Faire de l’histoire naturelle au Mexique au XVIe siècle : pratiques, modèles et hybridations

Dans le cadre du séminaire d’Antonella Romano, Rafael Mandressi et Jean-Marc Besse, Savoirs et productions du monde au XVIe siècle : Lieux, acteurs, échelles

Que signifiait la pratique de l’histoire naturelle au Mexique pendant les soixante ou soixante-dix premières années de la colonisation ? Par quels canaux, par quels auteurs et dans quels styles se pratiquait-elle ? Pour répondre à ces questions il faut considérer un large éventail de sources historiques, non seulement des textes mais aussi des images et même des objets, dans la mesure où on peut les relier à ces pratiques.

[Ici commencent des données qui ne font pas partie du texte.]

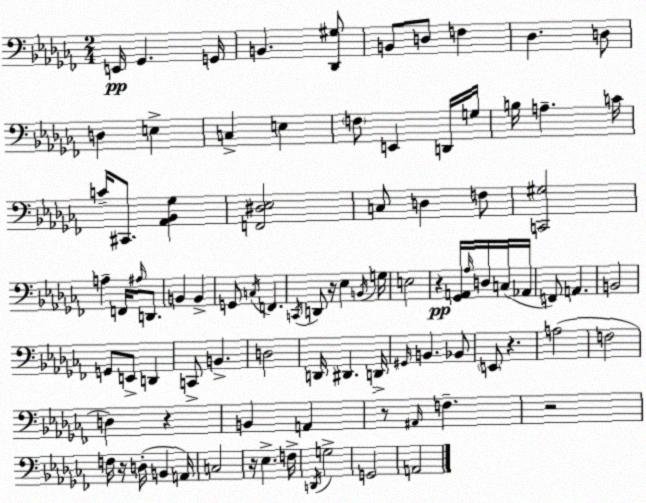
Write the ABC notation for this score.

X:1
T:Untitled
M:2/4
L:1/4
K:Abm
E,,/4 _G,, G,,/4 B,, [_D,,^G,]/2 B,,/2 D,/2 F, _D, D,/2 D, E, C, E, F,/2 E,, D,,/4 G,/4 B,/4 A, C/4 C/4 ^C,,/2 [_A,,_B,,_G,] [F,,^D,_E,]2 C,/2 D, F,/2 [C,,^G,]2 A, F,,/4 ^A,/4 D,,/2 B,, B,, G,,/2 C,/4 F,, C,,/4 D,,/2 z/4 _E, B,,/4 G,/4 E,2 z [_G,,A,,]/4 _A,/4 D,/4 C,/4 _A,,/4 F,,/2 A,, B,,2 G,,/2 E,,/2 D,, C,,/2 B,, D,2 D,,/4 ^D,, D,,/4 ^G,,/4 B,, _B,,/2 E,,/2 z A,2 F,2 D, z B,, A,, z/2 ^A,,/4 F, z2 F,/4 z/4 D,/4 B,, A,,/4 C,2 z/4 _E, F,/4 D,,/4 G,2 G,,2 A,,2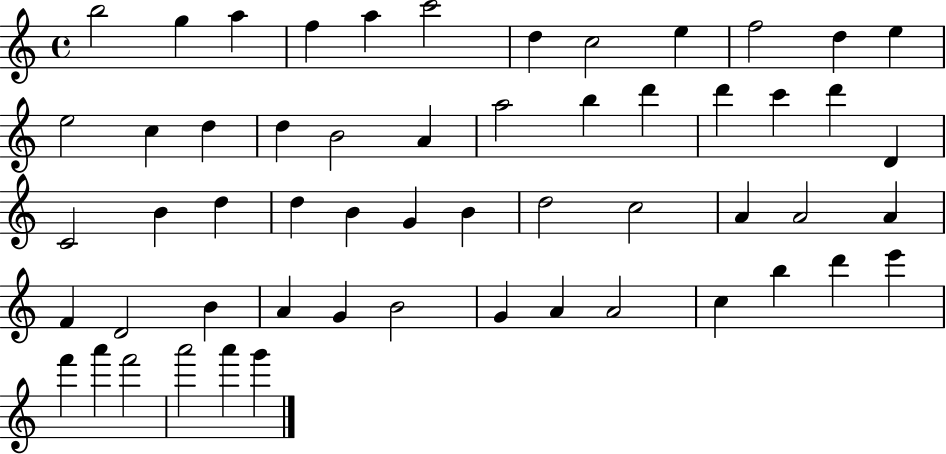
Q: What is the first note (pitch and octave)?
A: B5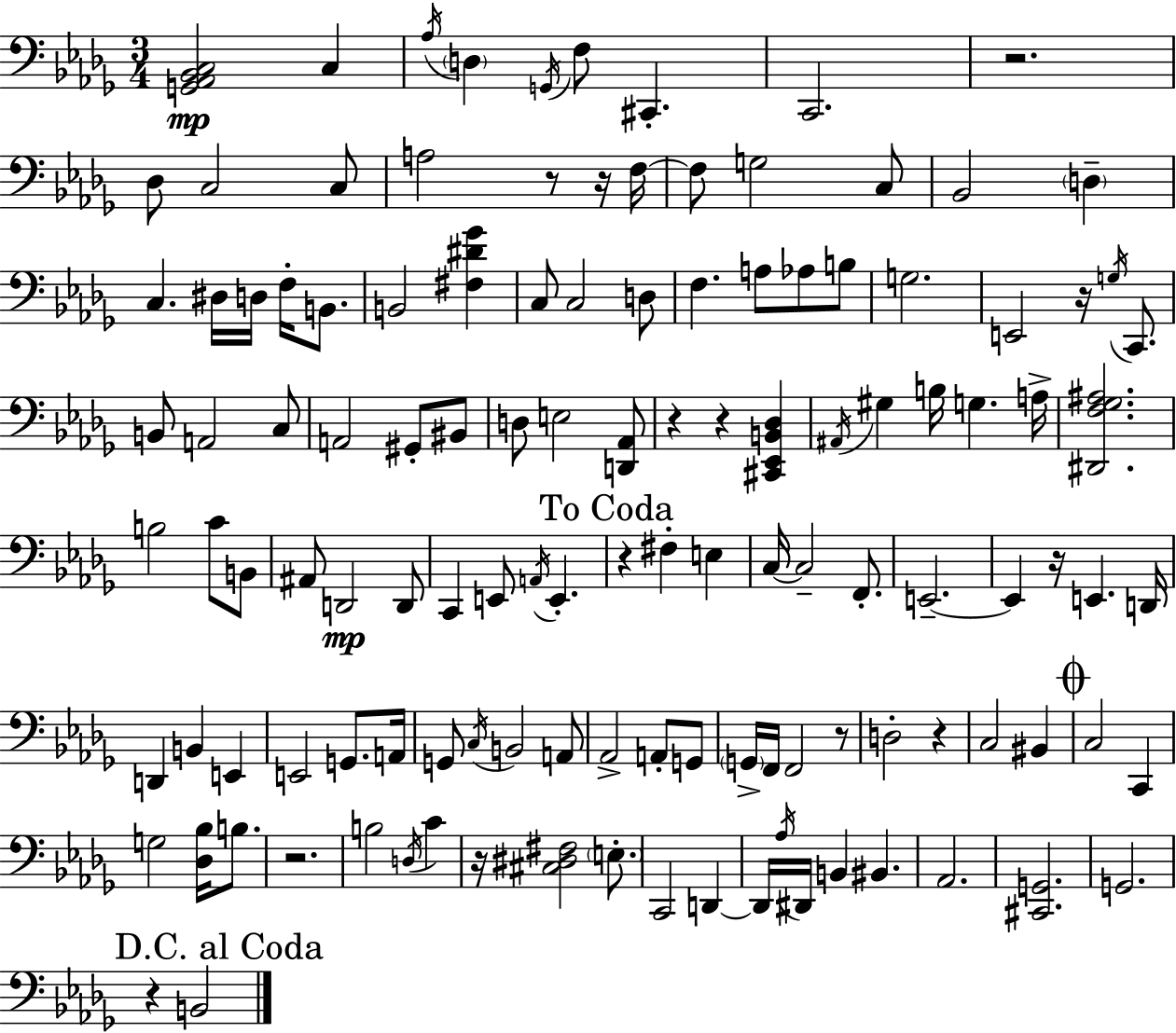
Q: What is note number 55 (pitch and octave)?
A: E2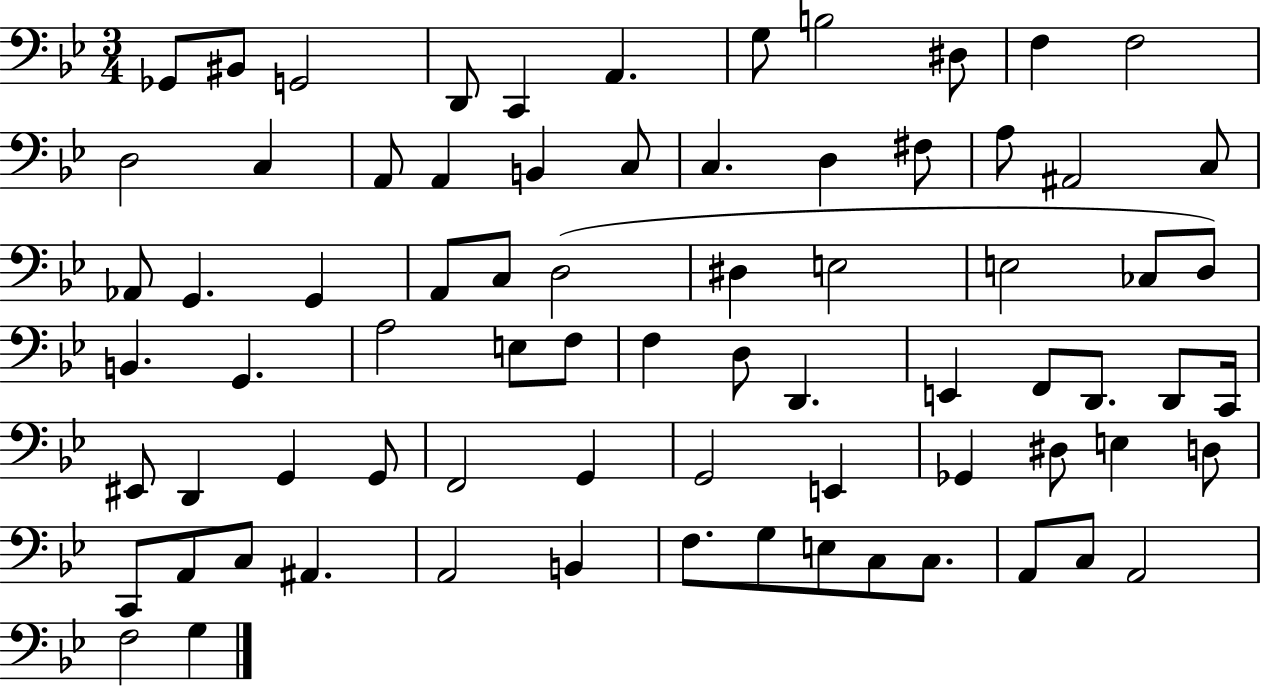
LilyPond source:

{
  \clef bass
  \numericTimeSignature
  \time 3/4
  \key bes \major
  ges,8 bis,8 g,2 | d,8 c,4 a,4. | g8 b2 dis8 | f4 f2 | \break d2 c4 | a,8 a,4 b,4 c8 | c4. d4 fis8 | a8 ais,2 c8 | \break aes,8 g,4. g,4 | a,8 c8 d2( | dis4 e2 | e2 ces8 d8) | \break b,4. g,4. | a2 e8 f8 | f4 d8 d,4. | e,4 f,8 d,8. d,8 c,16 | \break eis,8 d,4 g,4 g,8 | f,2 g,4 | g,2 e,4 | ges,4 dis8 e4 d8 | \break c,8 a,8 c8 ais,4. | a,2 b,4 | f8. g8 e8 c8 c8. | a,8 c8 a,2 | \break f2 g4 | \bar "|."
}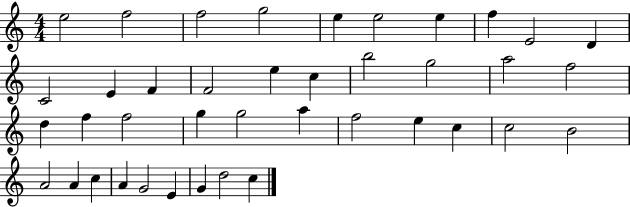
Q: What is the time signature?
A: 4/4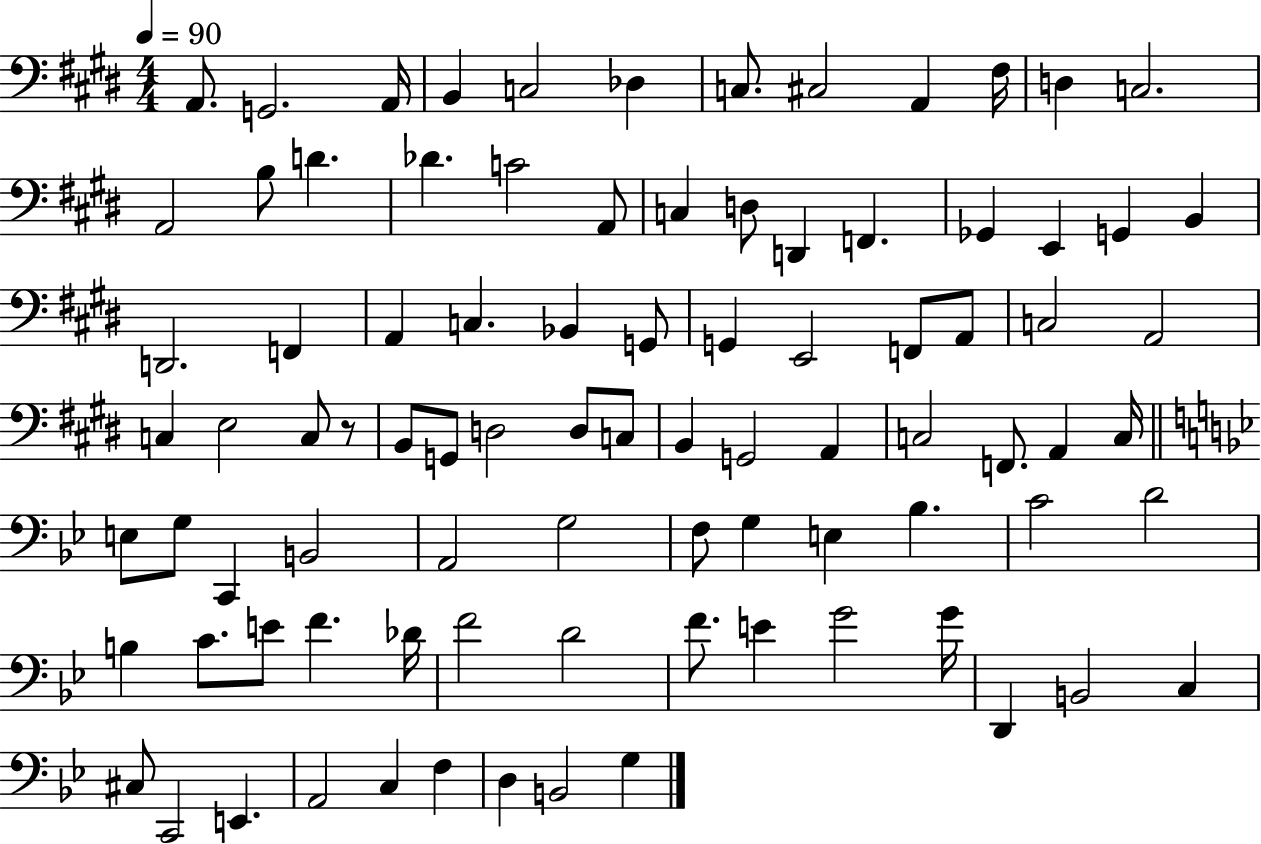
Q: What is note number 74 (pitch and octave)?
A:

Cette stratégie permet, d’une part, d’aller au-delà de l’écrit, traditionnellement soumis à certaines techniques descriptives et taxonomiques, appliquées à chaque spécimen des trois règnes de la nature qui était observé, collecté ou sélectionné par l’auteur. D’autre part, cela permet aussi de moins mettre l’accent sur l’Historia natural de la Nueva España de Francisco Hernández, composée entre 1570 et 1577. L’œuvre d’Hernández semble avoir enfin attiré l’attention d’une historiographie qui a problématisé le récit de l’histoire des sciences dans une perspective radicalement euro-centrique. Cette attention a occulté une grande partie du tableau de ce qu’on voudrait présenter. On se propose ainsi de localiser et de classer des pistes et de la documentation qui aidera à comprendre les formes de pratiquer l’histoire naturelle au Mexique : décrire, peindre, collecter, cultiver, échanger.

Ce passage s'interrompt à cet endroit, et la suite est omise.